Diffs in Python

From Media Design: Networked & Lens-Based wiki
Jump to navigation Jump to search

Typically, diff is used to show the changes between two versions of the same file.

The output of similar file comparison utilities are also called a "diff"

From Wikipedia article on the Diff utility


diffs between strings

I want to detect differences between 2 strings. Detecting both their position and content. There seems to be to ways a of doing it in python, one more rudimentary using != operator and another using difflib

a="Hello dog"
b="Hello god"
for i in range(len(a)):
    if a[i] != b[i]: print i, a[i], b[i]
6 d g
8 g d

This method has the inconvenience of only allowing strings with the same length.

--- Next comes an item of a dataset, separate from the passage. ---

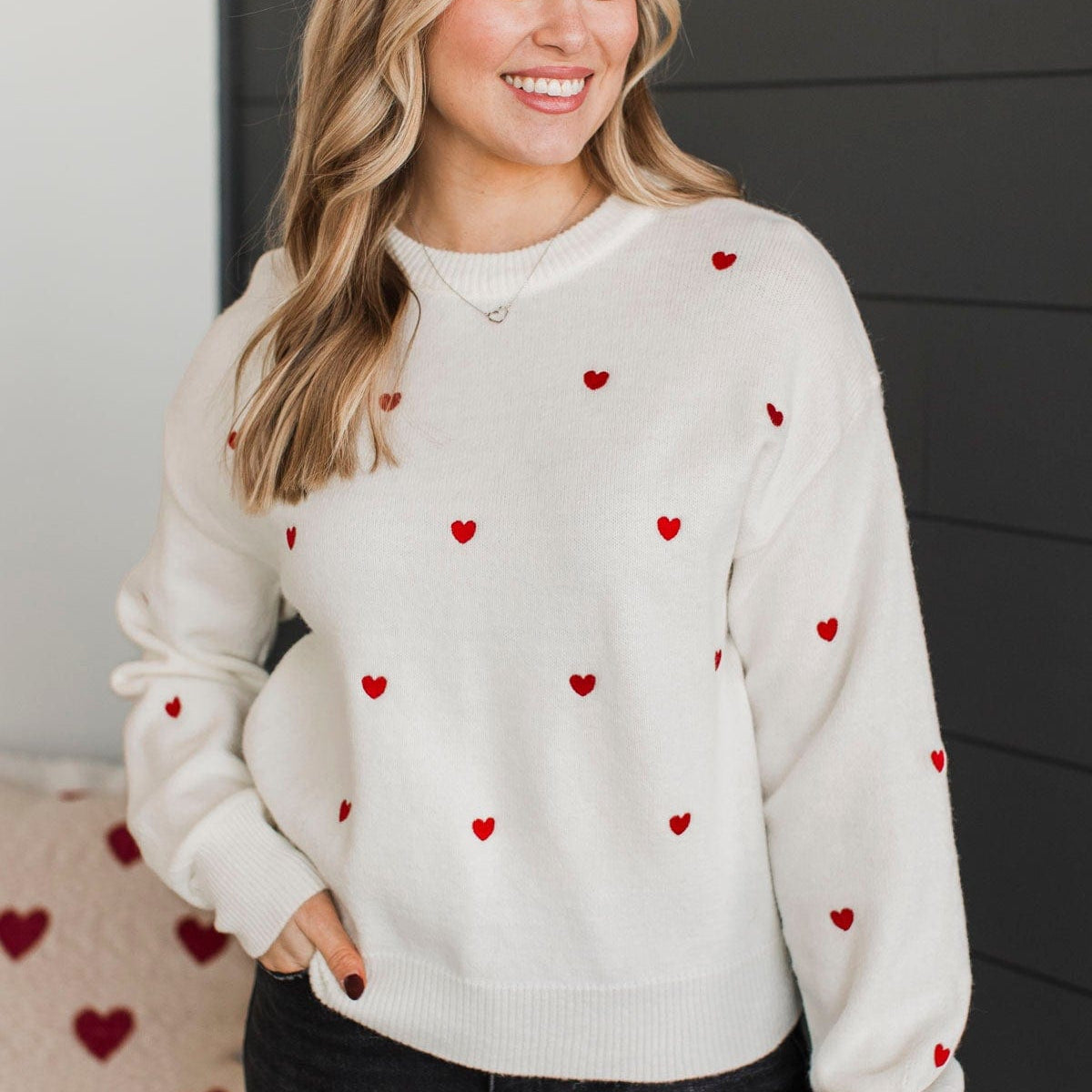 Dreamy Hearts Knit Pullover Set *FINAL SALE* main image 0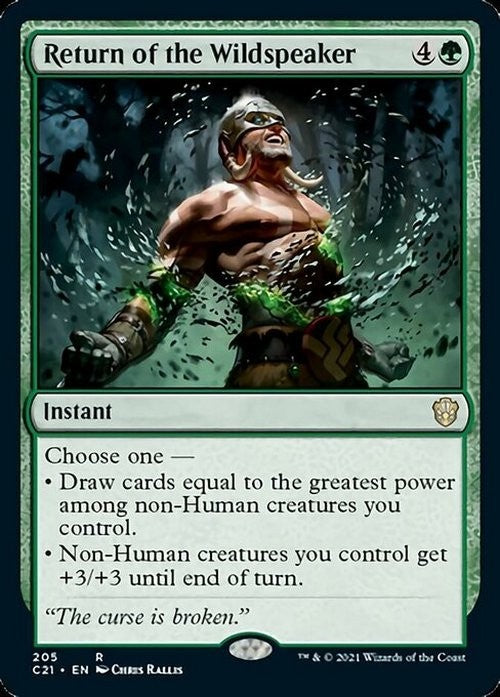 Return of the Wildspeaker ~ Commander: Strixhaven [ NM ] [ Magic MTG ]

Difflib is a Python module dedicate to comparing sequences.

difflib.SequenceMatcher is a class dedicated to comparing pairs of sequences.

import difflib
a="Hello dog"
b="Hello god"
s = difflib.SequenceMatcher(None, a,b)

for block in s.get_matching_blocks():
    print block
Match(a=0, b=0, size=6)
Match(a=6, b=8, size=1)
Match(a=9, b=9, size=0)


difflib.Differ compares sequences of lines of text, and produces human-readable differences or deltas. The differences are distinguished by having each comparison line begin with:

'- ' 	line unique to sequence 1
'+ '  	line unique to sequence 2
'  ' 	line common to both sequences
'? ' 	line not present in either input sequence
import difflib
a="Hello dog"
b="Hello god"
d = difflib.Differ()
diff=d.compare(a,b)
diff=d.compare(a,b)
for i in diff:
    print i
  H
  e
  l
  l
  o
   
+ g
+ o
  d
- o
- g


get_opcodes() Return list of 5-tuples describing how to turn a into b

import difflib
a="Hello dog"
b="Hello god"
s = difflib.SequenceMatcher(None, a, b)
for tag, i1, i2, j1, j2 in s.get_opcodes():
    print "{tag} a[{i1}:{i2}] ({a_str}) b[{j1}:{j2}] ({b_str})".format(tag=tag, i1=i1, i2=i2, a_str=a[i1:i2], j1=j1, j2=j2, b_str=b[j1:j2])
equal a[0:6] (Hello ) b[0:6] (Hello )
insert a[6:6] () b[6:8] (go)
equal a[6:7] (d) b[8:9] (d)
delete a[7:9] (og) b[9:9] ()


doing things with diffs

reconstruct and mark

I want to use the opcodes to mark the changes that happen to arrive to the most recent.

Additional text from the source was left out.